> [Directions for this task]
Beginning at the top of the entries below, retype each line exactly until the line containing "Jaguar E-Pace 2018" has been written out; include no pictures and no later lines.

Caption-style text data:
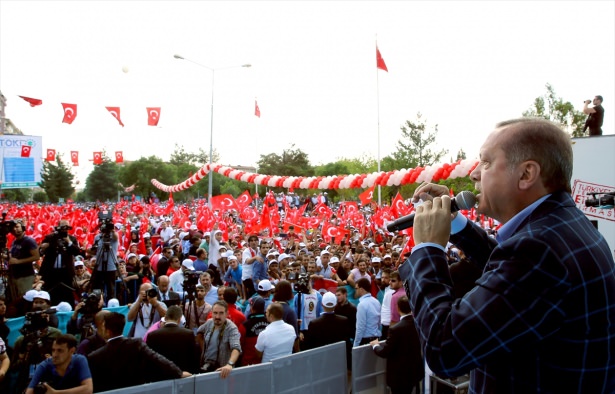 Cumhurbaşkanı Erdoğan Diyarbakır'da...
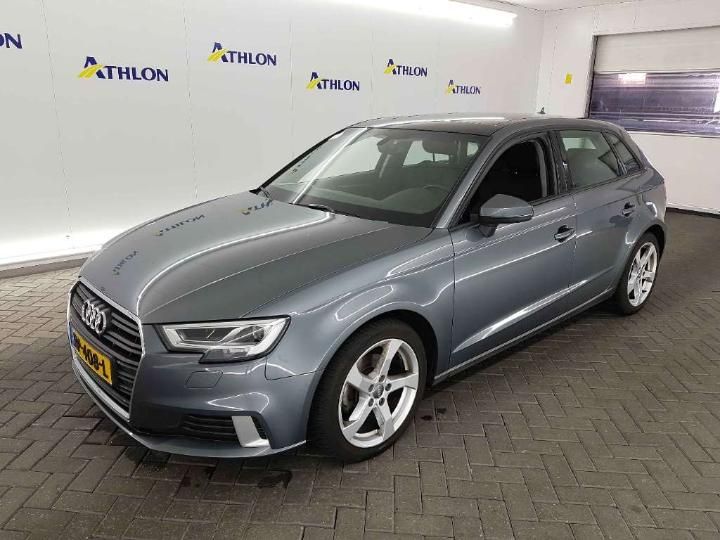 AUDI A3 SPORTBACK 2018 wauzzz8v8ja077046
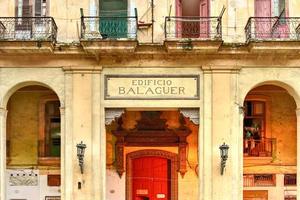 edificio balaguer - vecchio correre giù appartamenti nel vecchio l'Avana, Cuba. foto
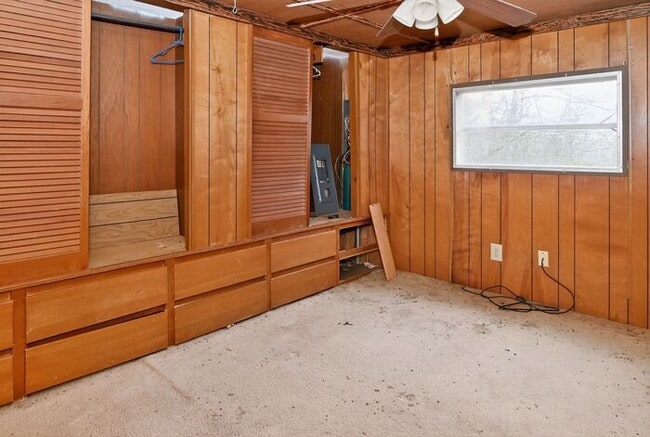 Building Photo - 1305 Ridge Cir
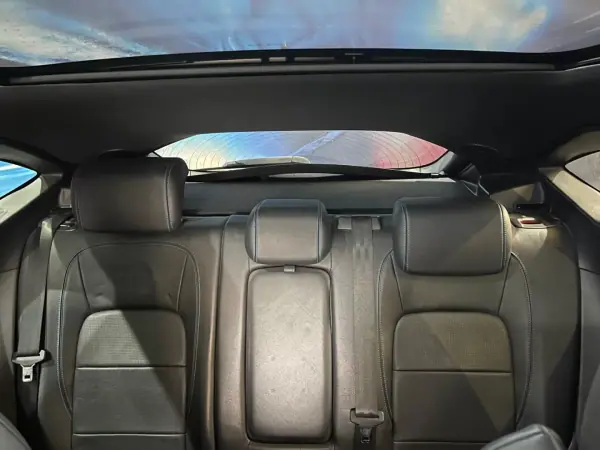 Jaguar E-Pace 2018 - 20899 EUR, 129000 km - 129000km - foto 35 de 48
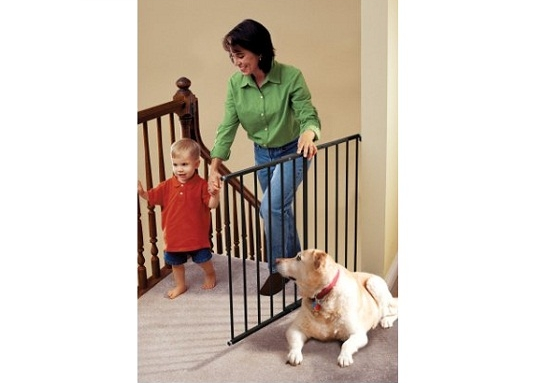 Cửa chặn mở rộng sử dụng hầu như mọi nơi trong nhà như đầu cầu thang, dưới cùng của cầu thang hay cửa giữa các phòng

> [Exercise output]
 Cumhurbaşkanı Erdoğan Diyarbakır'da...
 AUDI A3 SPORTBACK 2018 wauzzz8v8ja077046
 edificio balaguer - vecchio correre giù appartamenti nel vecchio l'Avana, Cuba. foto
 Building Photo - 1305 Ridge Cir
 Jaguar E-Pace 2018 - 20899 EUR, 129000 km - 129000km - foto 35 de 48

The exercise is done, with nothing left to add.